For the entries below, copy exactly the line that contains "El Servicio Geológico" through the line that contains "albania/delvina/attraction/eskeree-beach", both ends included, and exclude all pictures.

------ TASK DATA ------

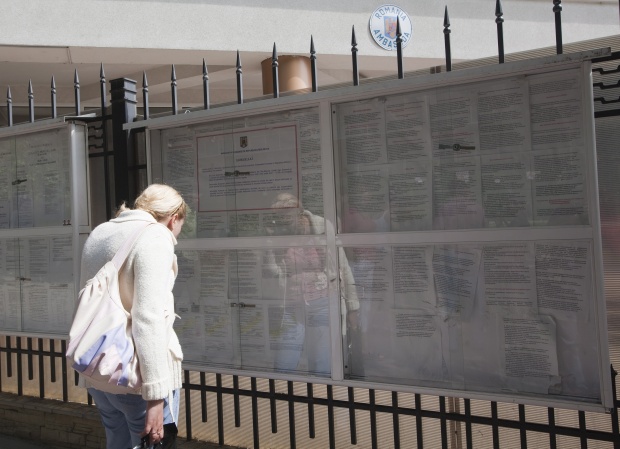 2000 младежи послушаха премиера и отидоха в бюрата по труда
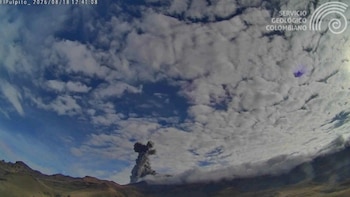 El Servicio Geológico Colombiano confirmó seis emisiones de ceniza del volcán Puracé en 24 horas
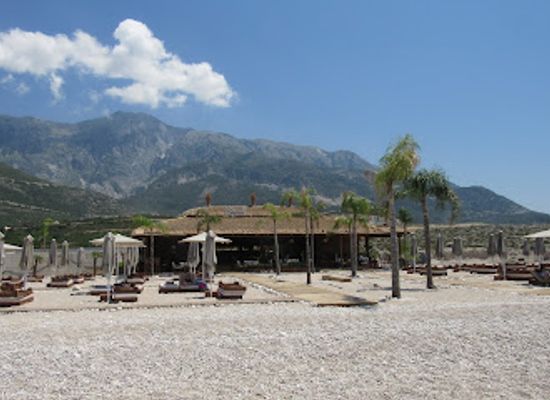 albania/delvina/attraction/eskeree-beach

------
------ TASK DATA ------

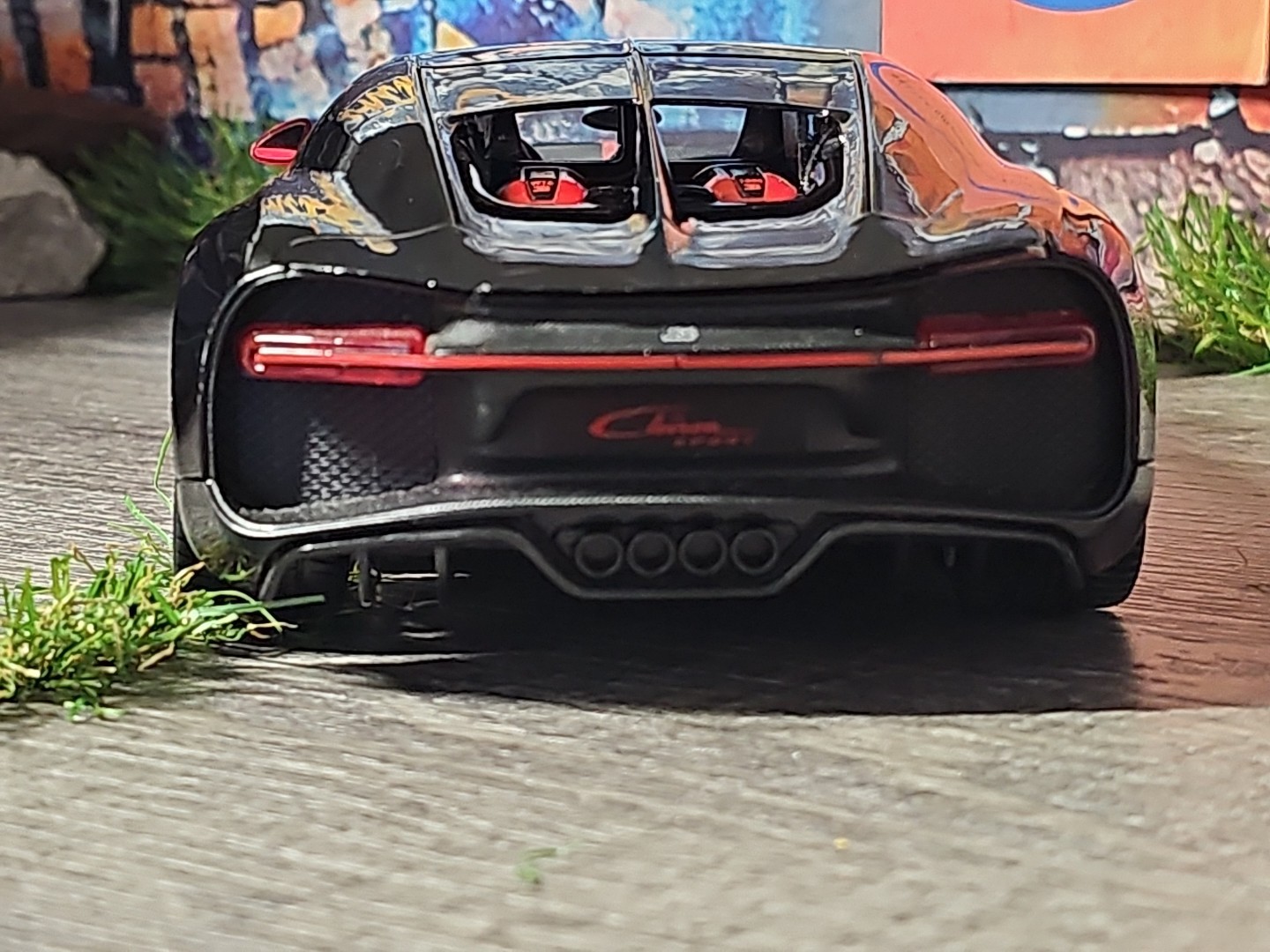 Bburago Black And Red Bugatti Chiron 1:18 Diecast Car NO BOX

------

# SOLUTION
 El Servicio Geológico Colombiano confirmó seis emisiones de ceniza del volcán Puracé en 24 horas
 albania/delvina/attraction/eskeree-beach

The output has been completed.